Cat was right. I needed to be careful.
But he was so beautiful. So commanding. So intelligent.
I wondered if my face showed everything I was feeling.
Maybe I wanted it to. Maybe I wanted to nudge him past what he’d started in his studio.
It must have shown something because Devin’s smile evaporated. He reached out and tucked my hair behind my ear. Still looking at me, he said, “You don’t mind if I steal Tiffany for Christmas, do you?”
With major effort, I tore my gaze from his to look at my friends.
Cat looked horrified. Heath looked puzzled.
I knew exactly how they were feeling. They were my feelings too.
Devin chatted casually with my friends, asking Heath about his fishing boat, and Cat about her plans after college graduation. He didn’t name drop or talk about the city. He shared how he’d spent summers in Maine with his grandparents, and that’s why he’d decided to buy a house there as an adult. He wanted the same idyllic summer nights.
While he spoke, his hand drifted over to my knee, resting there on my jeans. He shifted his chair closer, spread his leg so it was touching mine, his body warm and hard through our respective denim pants. His fingers stroked my kneecap, then gradually began an ascent up my leg, my thigh, caressing the whole way, casually, intimately. It was normal for him to touch me, but not in public, and never quite as absently as he was. Like he was doing it without thinking. I didn’t get the feeling it was sexual in that he wanted to turn me on or get me off, though the first he was, and the second he might. It was more that he felt comfortable with me to the point it was natural.

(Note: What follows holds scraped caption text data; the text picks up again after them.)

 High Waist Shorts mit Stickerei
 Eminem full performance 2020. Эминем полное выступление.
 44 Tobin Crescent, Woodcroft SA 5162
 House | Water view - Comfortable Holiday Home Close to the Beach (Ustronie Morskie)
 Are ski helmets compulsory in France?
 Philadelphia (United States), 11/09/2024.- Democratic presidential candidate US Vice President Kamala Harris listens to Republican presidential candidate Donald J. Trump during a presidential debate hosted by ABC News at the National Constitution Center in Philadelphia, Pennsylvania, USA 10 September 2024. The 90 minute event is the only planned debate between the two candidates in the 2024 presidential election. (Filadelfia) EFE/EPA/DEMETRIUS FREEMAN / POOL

A guy my age would have taken it too far. He would have stroked right up to the seam of my jeans below the zipper, or shifted my own hand onto his erection under the table. Devin didn’t do that. When he was perilously close to inappropriate, he retreated, giving my knee a final squeeze before removing his hand.
“Too bad I’m never here in the summer,” he said with a shrug and changed the subject to the possibility of a blizzard in the next few days.
I hardly spoke. I just listened and watched and felt.
If we were in a play, Devin was the director and I was the chorus girl. But at least I had a part.
Later on the drive back to Devin’s house, I got a text from Cat.
I’m not ok with this. He’s a Chester the Molester.
It blindsided me. Wow. She wasn’t holding back. I answered with a curt, “Why?”
You say all the time you look young. He’s too old for his interest to be anything but creeper.
What hurt was I knew she was right in that I looked young. But I also knew that Devin wasn’t attracted to me because of my appearance. He liked my mind, the way I stood up to him. The fact that when I spoke I didn’t ramble endlessly about stupid shit. It was complicated. Attraction wasn’t just about big tits.